SECURITIES AND EXCHANGE COMMISSION

                              Washington, D.C. 20549

                                   FORM 8-K


                                CURRENT REPORT

       Pursuant to Section 13 or 15(d) of the Securities Exchange Act

                              September 8, 2005
                              -----------------
                                Date of Report
                       (Date of Earliest Event Reported)

                          WIZZARD SOFTWARE CORPORATION
                          ----------------------------
            (Exact Name of Registrant as Specified in its Charter)

        Colorado                  000-33381               87-0575577
        --------                  ---------               ----------
     (State or other        (Commission File No.)     (IRS Employer I.D. No.)
      Jurisdiction)


                       5001 Baum Boulevard, Suite 770
                       Pittsburgh, Pennsylvania 15213
                       ------------------------------
                  (Address of Principal Executive Offices)

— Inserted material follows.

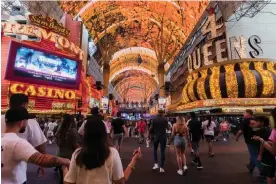  ?? Photograph: Mikayla Whitmore/The Guardian ?? Tourists walk down Fremont Street in Las Vegas. Although the town is back in business after the pandemic, workers are not happy.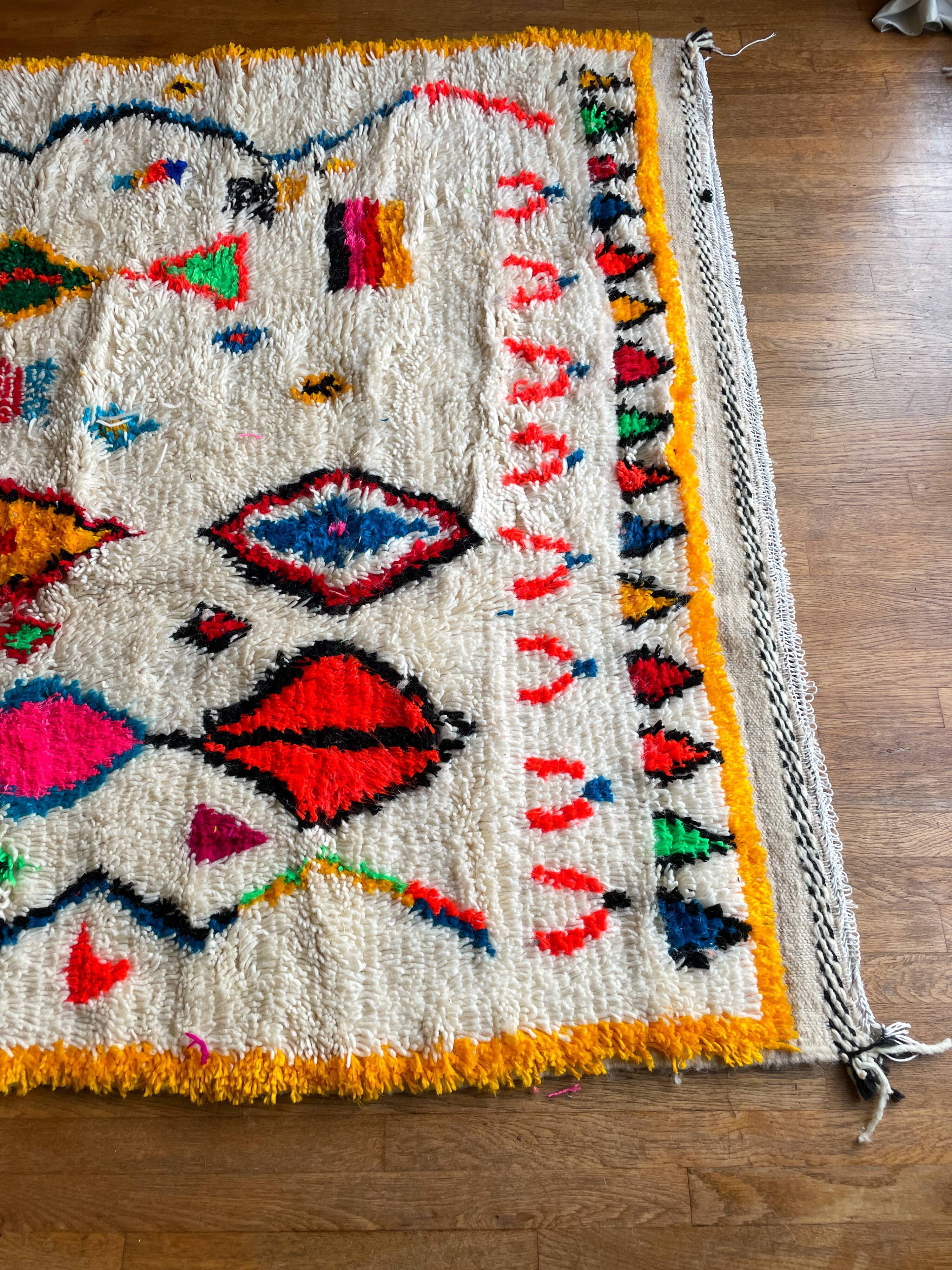 Berber carpet azimuth colored white with multicolored and fluorescent patterns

                                 (412) 621-0902
                                 --------------
                          Registrant's Telephone Number

                                      N/A
                                      ---
         (Former Name or Former Address if changed Since Last Report)



          Check the appropriate box below if the Form 8-K filing is intended
to simultaneously satisfy the filing obligation of the Registrant under any of
the following provisions (see general instruction A.2. below):

     [ ] Written communications pursuant to Rule 425 under the Securities Act
         (17 CFR 230.425)

     [ ] Soliciting material pursuant to Rule 14-a-12 under the Exchange Act
         (17 CFR 240.14a-12)

     [ ] Pre-commencement communications pursuant to Rule 14d-2(b) under the
       Exchange Act (17 CFR 240.14d-2(b))

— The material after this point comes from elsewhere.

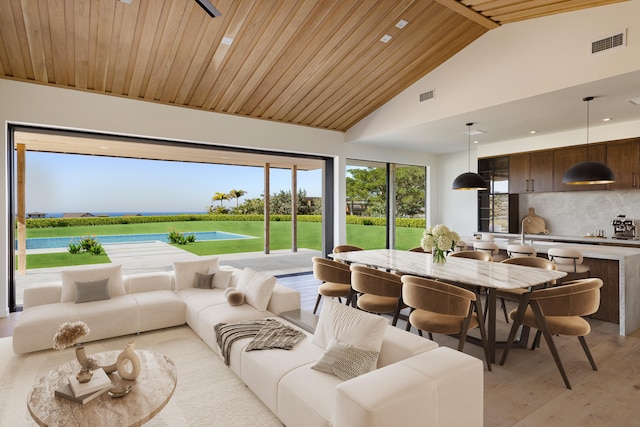 sunroom featuring a water view, wooden ceiling, and vaulted ceiling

     [ ] Pre-commencement communications pursuant to Rule 13e-4(c) under the
       Exchange Act (17 CFR 240.13e-4(c))



Item 1.01     Entry into a Material Definitive Agreement

     Effective as of September 8, 2005, the Registrant, ("Wizzard," the
"Company," "we," "our," "us" and words of similar import); The Brenda Mosher
Living Trust (the "Trust"), owner of all of the outstanding securities of
Interim Healthcare of Wyoming, Inc., a Wyoming corporation ("Interim"); Brenda
Mosher, Trustee (the "Trustee"); and Brenda Mosher ("Mosher"), individually
(sometimes collectively, the "Sellers"), executed a Stock Purchase Agreement
(the "Agreement"), whereby Wizzard purchased all of the outstanding securities
of Interim and Interim became a wholly-owned subsidiary of Wizzard.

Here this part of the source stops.